§ **TASK OBJECTIVE**: Without the pictures, retype each line below exactly as it stands.
(RAW DATA begins)
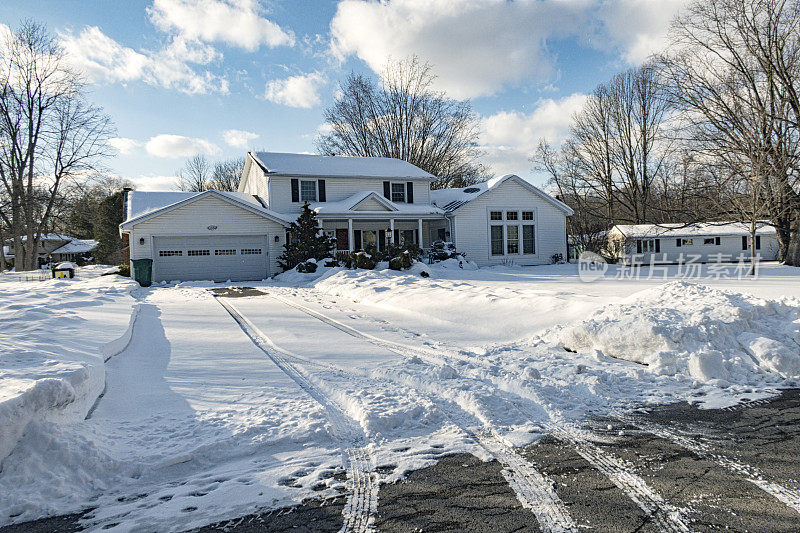 下雪的冬季汽车轮胎印离开郊区住宅车道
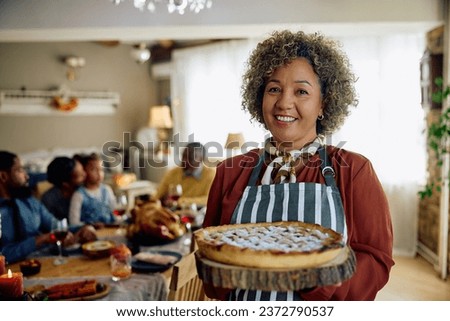 Happy mature woman holding baked Thanksgiving pie and looking at camera. Her family is in the background.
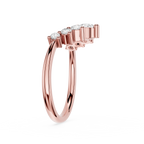Rose gold ring with diamonds on a white background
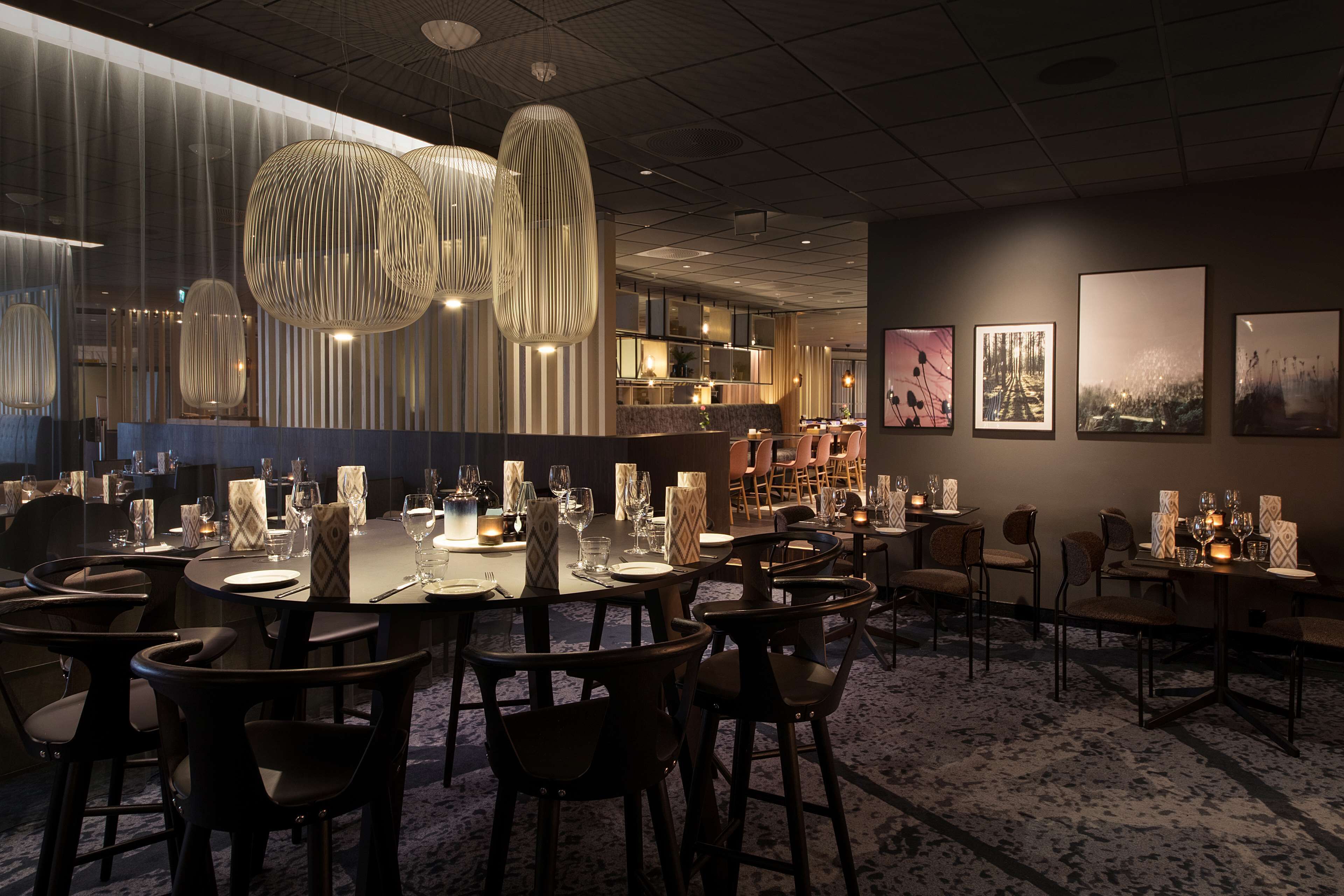 A modern dining area with round tables, dark chairs, and hanging pendant lights.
(RAW DATA ends)
§ **RESPONSE AREA**:
 下雪的冬季汽车轮胎印离开郊区住宅车道
 Happy mature woman holding baked Thanksgiving pie and looking at camera. Her family is in the background.
Rose gold ring with diamonds on a white background
 A modern dining area with round tables, dark chairs, and hanging pendant lights.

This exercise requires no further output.